基金supported by the Science Research Project of Liaoning Education Department (LGD2016009)the Natural Science Foundation of Liaoning Province of China (20170540686)the State Key Program of Basic Research of China (2016YFD0700104-02)
文摘In order to overcome the poor generalization ability and low accuracy of traditional network traffic prediction methods, a prediction method based on improved artificial bee colony (ABC) algorithm optimized error minimized extreme learning machine (EM-ELM) is proposed. EM-ELM has good generalization ability.

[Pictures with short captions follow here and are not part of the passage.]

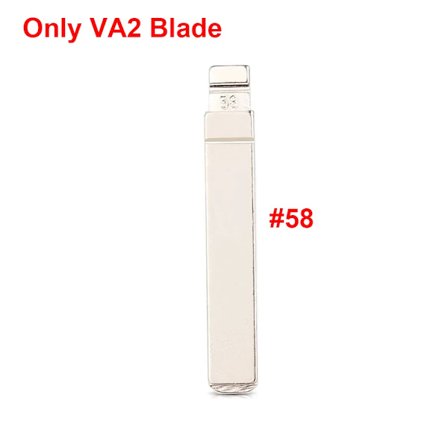 Muokattu auton avaimen kuori Citroen C2 C3 C4 C5 C6 C8 Xsara Berlingo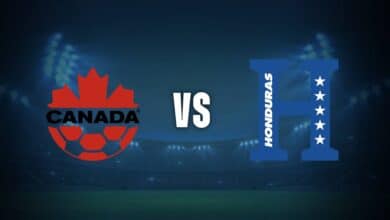 Canadá vs Honduras Copa Oro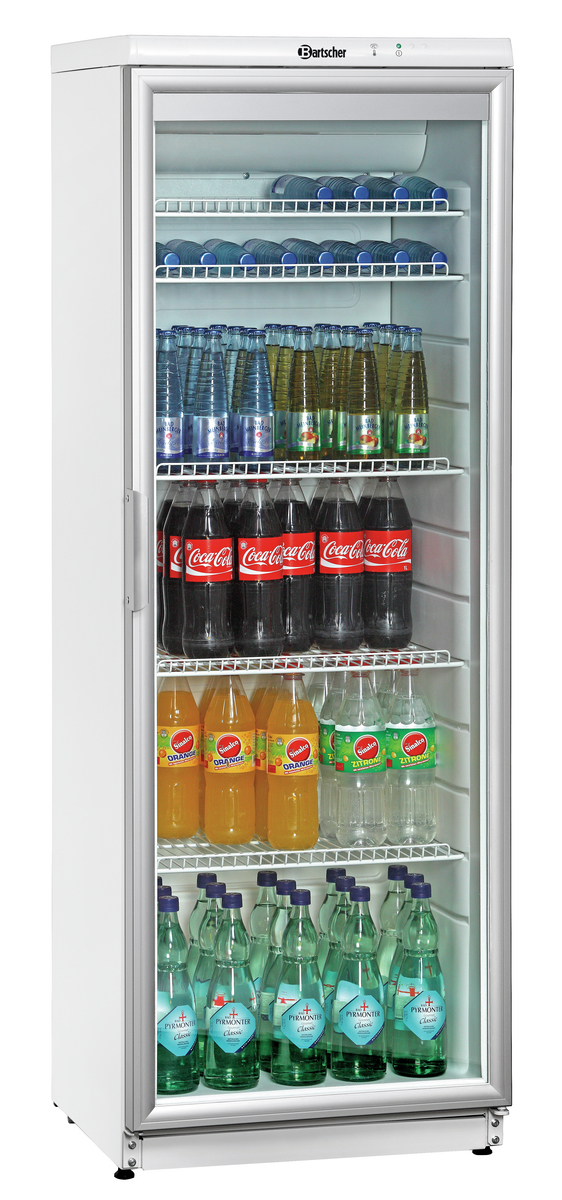 700323_1 Réfrigérateur à bouteilles 350L - Bartscher – Image 1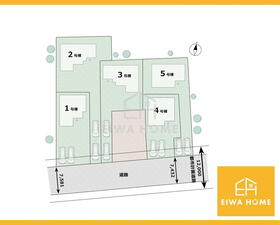 リーブルガーデン東近江市小脇町　全５邸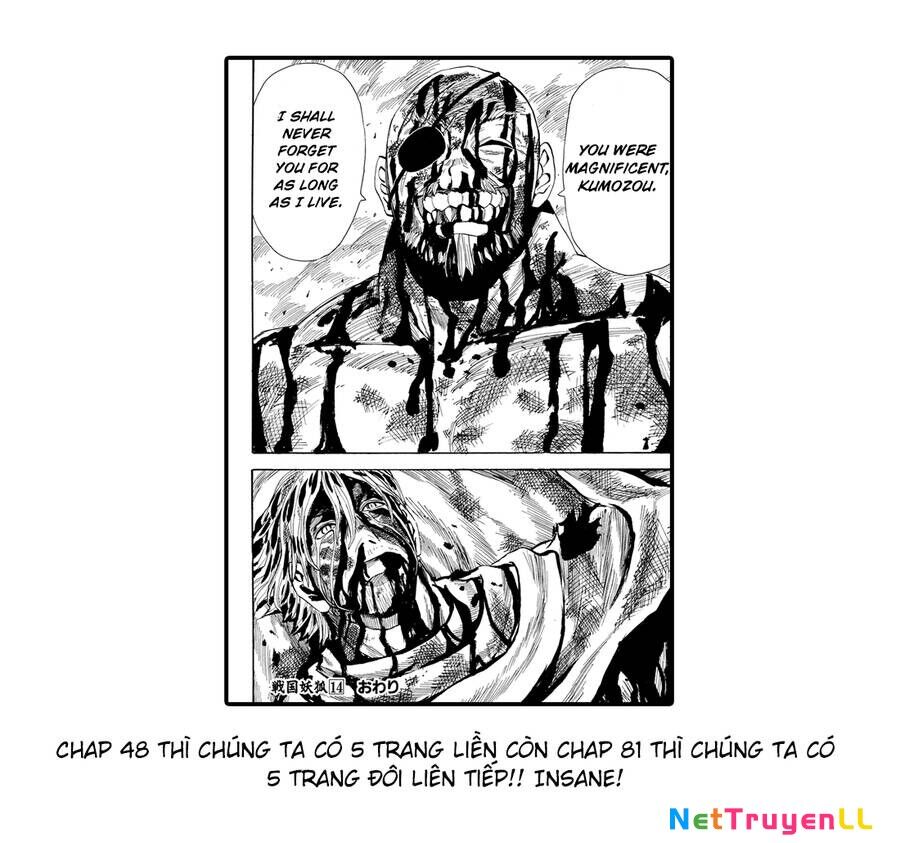 Sengoku Youko Chapter 81 - 23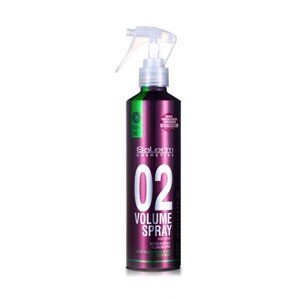 VOLUME SPRAY 02 SPÉCIAL CHEVEUX BLANCS ET DÉCOLORÉS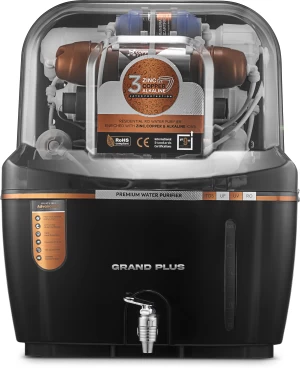 Aqua Star X Water Filter 12 Ltr  Ro,Uv,Uf,Tds,Minerals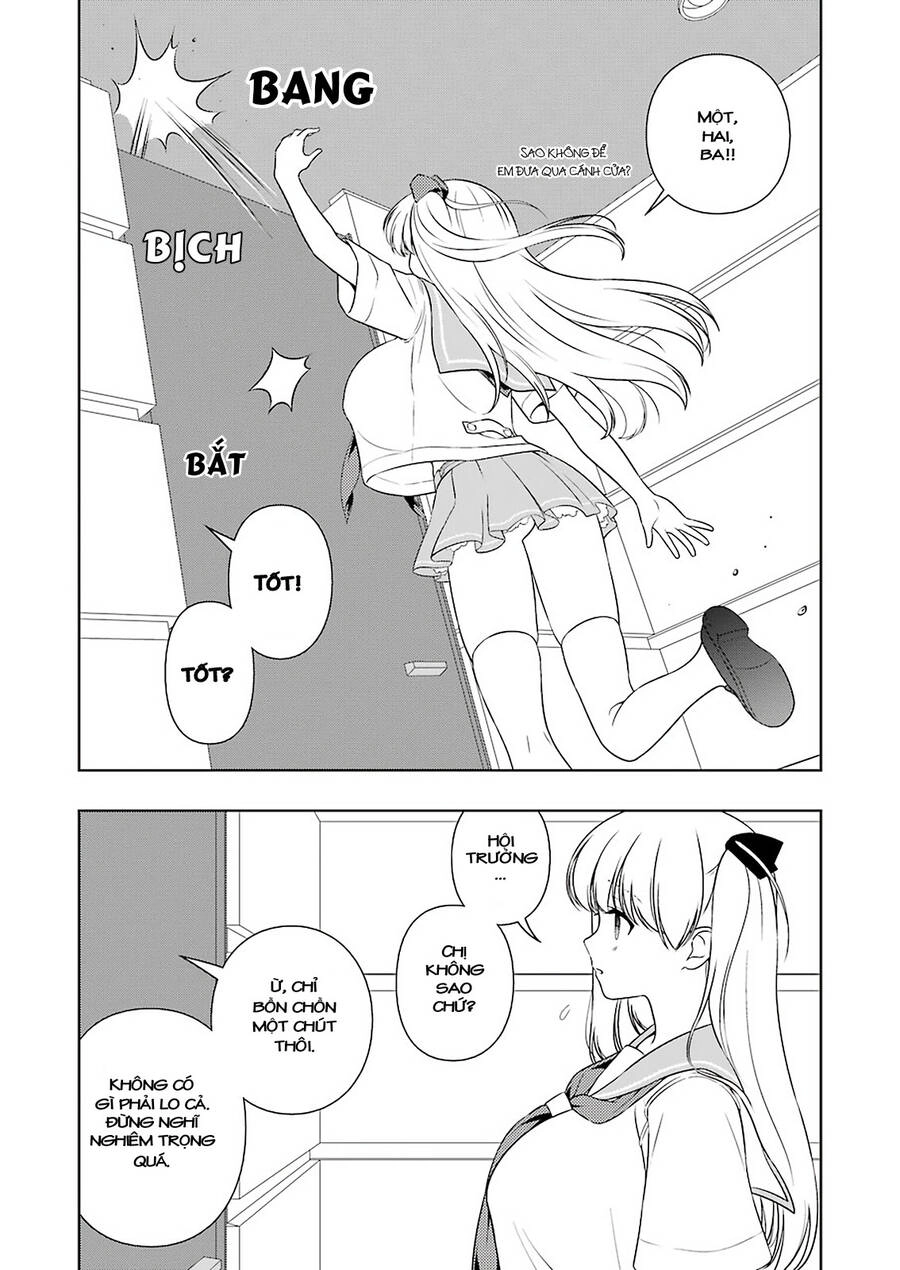 Saki Chapter 221 - 7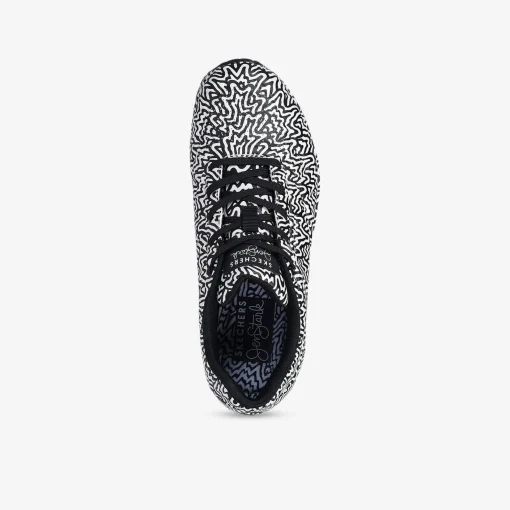 SKECHERS UNO INFINITE DRIP Damen Sneaker Low-Damen Sneaker
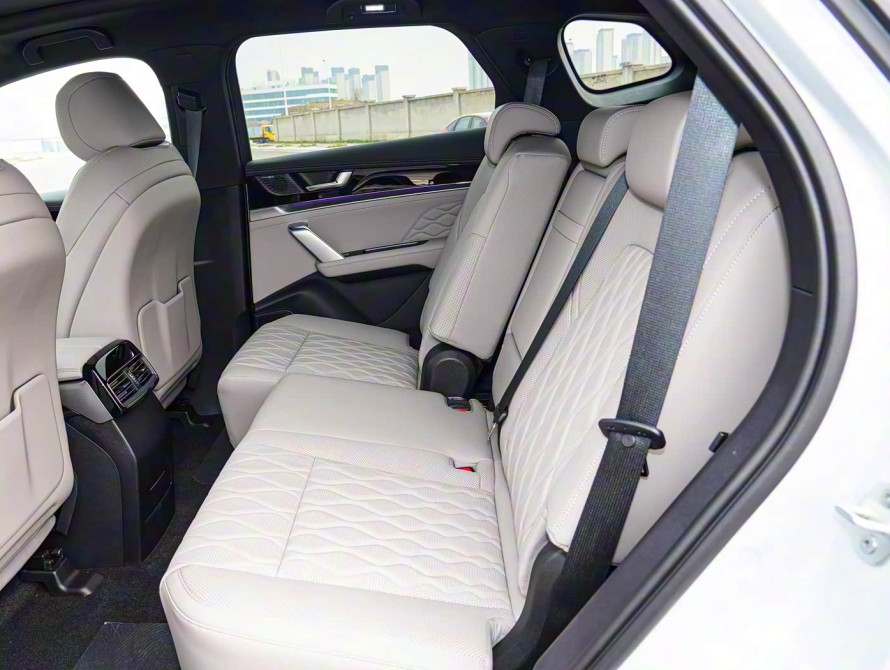 BYD Tang DM-i Mid 2025 BYD Tang DM-i Mid 2025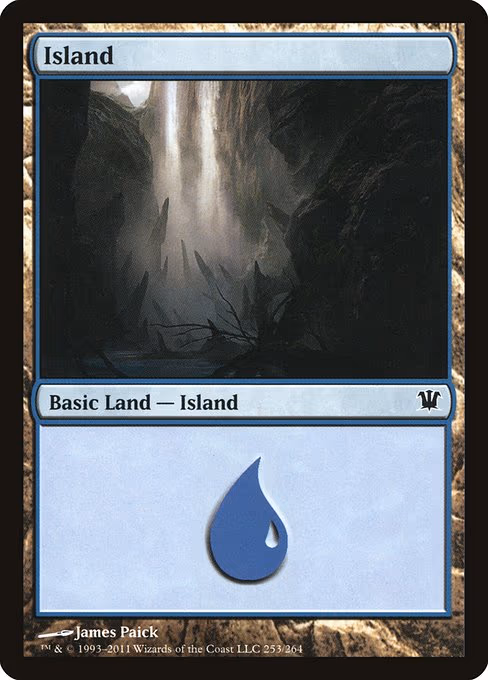 Island - L (253)
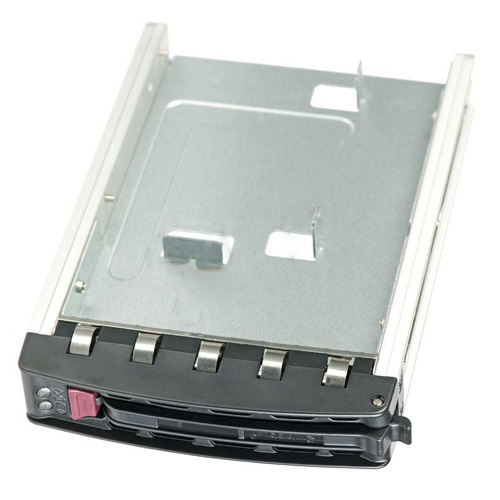 Supermicro MCP-220-00080-0B Hot-Swap Wechselrahmen 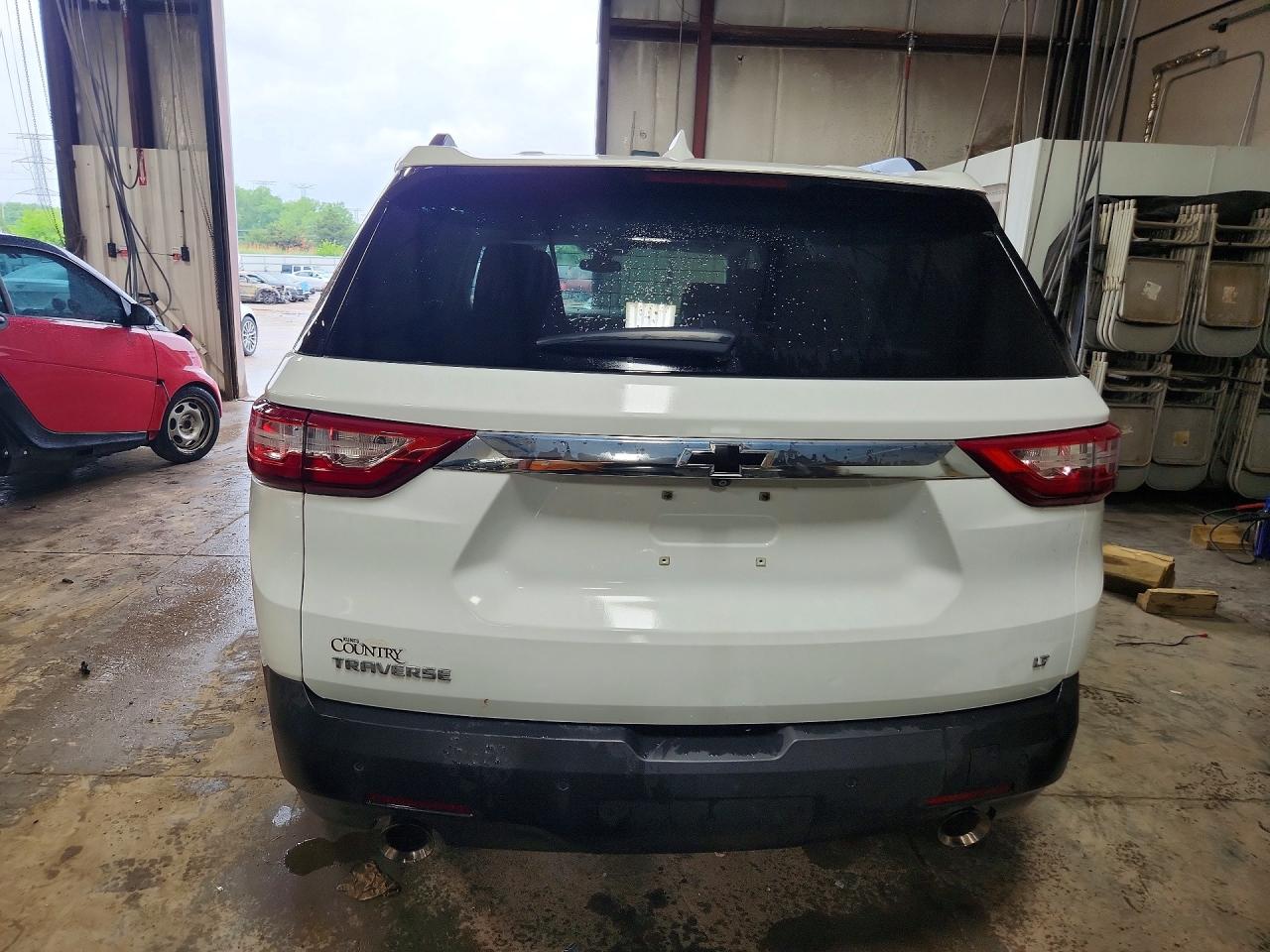 2020 CHEVROLET TRAVERSE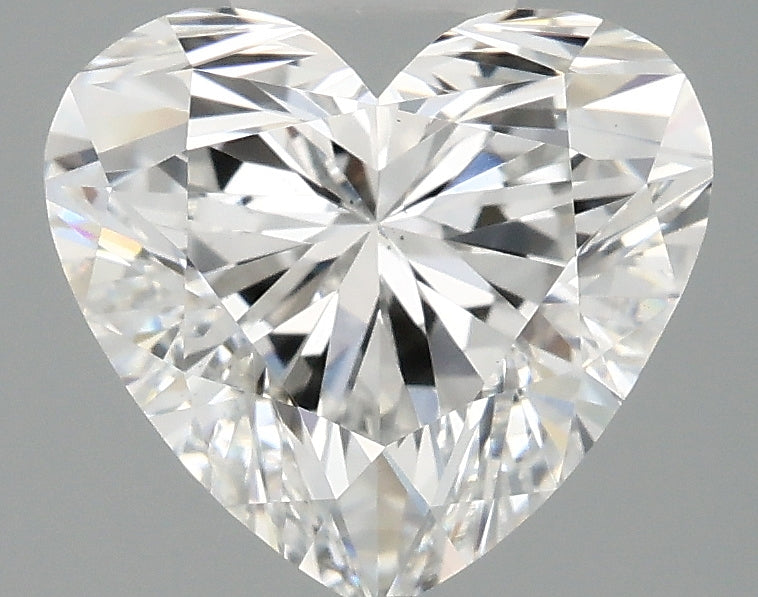 2.34 ct HT Lab-Grown Diamond · E / VS1 · IGI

But many useless neurons in EM-ELM have little influences on the final network output, and reduce the efficiency of the algorithm. Based on the EM-ELM, an improved ABC algorithm is introduced to optimize the parameters of the hidden layer nodes, decrease the number of useless neurons. Network complexity is reduced. The efficiency of the algorithm is improved. The stability and convergence property of the proposed prediction method are proved. The proposed prediction method is used in the prediction of network traffic. In the simulation, the actual collected network traffic is used as the research object. Compared with other prediction methods, the simulation results show that the proposed prediction method reduces the training time of the prediction model, decreases the number of hidden layer nodes. The proposed prediction method has higher prediction accuracy and reliable performance. At the same time, the performance indicators are improved.